The CFG captures the control flow behavior of a program, considering the possible paths and decisions taken during program execution. It provides a structured representation of the control flow of the program, supporting program analysis, optimization, and the understanding of its behavior.

3.2 Evaluation order graph

The evaluation order graph (EOG) [46] is a directed graph \(G = (N, E)\), where N represents the set of nodes and E is the set of directed edges, designed to capture the order in which code is executed, similarly to a CFG, but on a finer level of granularity, i.e., including the order in which expressions and sub-expressions are evaluated. The nodes of the EOG are the same nodes as those of the abstract syntax tree of the program, whereas an edge \((n_i, n_j)\) means that \(n_j\) is evaluated after \(n_i\).
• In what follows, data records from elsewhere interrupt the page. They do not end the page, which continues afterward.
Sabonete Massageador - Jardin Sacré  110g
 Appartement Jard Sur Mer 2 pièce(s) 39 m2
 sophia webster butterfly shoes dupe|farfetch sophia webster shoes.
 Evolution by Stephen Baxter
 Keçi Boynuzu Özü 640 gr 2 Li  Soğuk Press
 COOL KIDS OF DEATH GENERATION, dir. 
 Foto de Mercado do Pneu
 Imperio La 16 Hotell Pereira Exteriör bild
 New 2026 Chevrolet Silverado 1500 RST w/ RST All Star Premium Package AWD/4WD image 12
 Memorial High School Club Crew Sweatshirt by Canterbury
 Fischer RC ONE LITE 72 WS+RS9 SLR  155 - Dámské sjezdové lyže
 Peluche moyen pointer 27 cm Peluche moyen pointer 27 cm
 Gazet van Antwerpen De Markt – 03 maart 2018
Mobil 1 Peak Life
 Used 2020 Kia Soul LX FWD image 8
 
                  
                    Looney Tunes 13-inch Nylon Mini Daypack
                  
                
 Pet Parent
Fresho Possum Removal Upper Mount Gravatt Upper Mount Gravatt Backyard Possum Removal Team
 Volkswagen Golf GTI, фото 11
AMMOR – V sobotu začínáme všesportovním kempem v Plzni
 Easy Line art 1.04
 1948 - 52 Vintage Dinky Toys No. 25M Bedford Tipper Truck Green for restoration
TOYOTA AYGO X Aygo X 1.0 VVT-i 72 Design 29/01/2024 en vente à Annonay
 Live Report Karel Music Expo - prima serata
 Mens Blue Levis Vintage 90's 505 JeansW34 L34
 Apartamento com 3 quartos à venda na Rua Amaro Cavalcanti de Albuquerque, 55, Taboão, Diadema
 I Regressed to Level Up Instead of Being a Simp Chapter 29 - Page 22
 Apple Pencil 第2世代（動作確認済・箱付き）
The differences between the EOG and the CFG, which connects basic blocks of statements, are only a few, particularly: methods without explicit return statements have an edge in the EOG to a virtual return node; the EOG considers opening blocks (e.g., {) as separate nodes; the EOG uses separate nodes for the if keyword and the condition; and the EOG considers a method header as a node.

3.3 Data flow graph

A data flow graph (DFG) is a directed graph \(G = (N, E)\), where N is the set of nodes and E is the set of directed edges. Each node within the set \(N = \{n_1, n_2,...\}\) denotes a distinct computational unit or instruction, whereas the directed edges \((n_i, n_j)\) for \(n_i, n_j \in N\) within the set E represent the data dependencies, i.e., the output data of \(n_i\) is consumed by \(n_j\). Such visualization enables a clear view of the data processing pipeline (i.e., the flow of data along the edges establishes the sequence in which operations should be executed), supporting the analysis and optimization of the program through the identification of parallel execution possibilities.

3.4 K-means clustering

K-means clustering method is a popular unsupervised machine learning technique for partitioning a set of observations (or data points) into k different clusters. Firstly, the k initial centroids are randomly selected, where k is a user-defined parameter. Each data point d is then assigned to the closest mean (or centroid), and the collection of points assigned to a centroid forms a cluster. Afterward, the centroid of each cluster is updated based on all points in the cluster. This iterative procedure is repeated until no changes occur in the clusters.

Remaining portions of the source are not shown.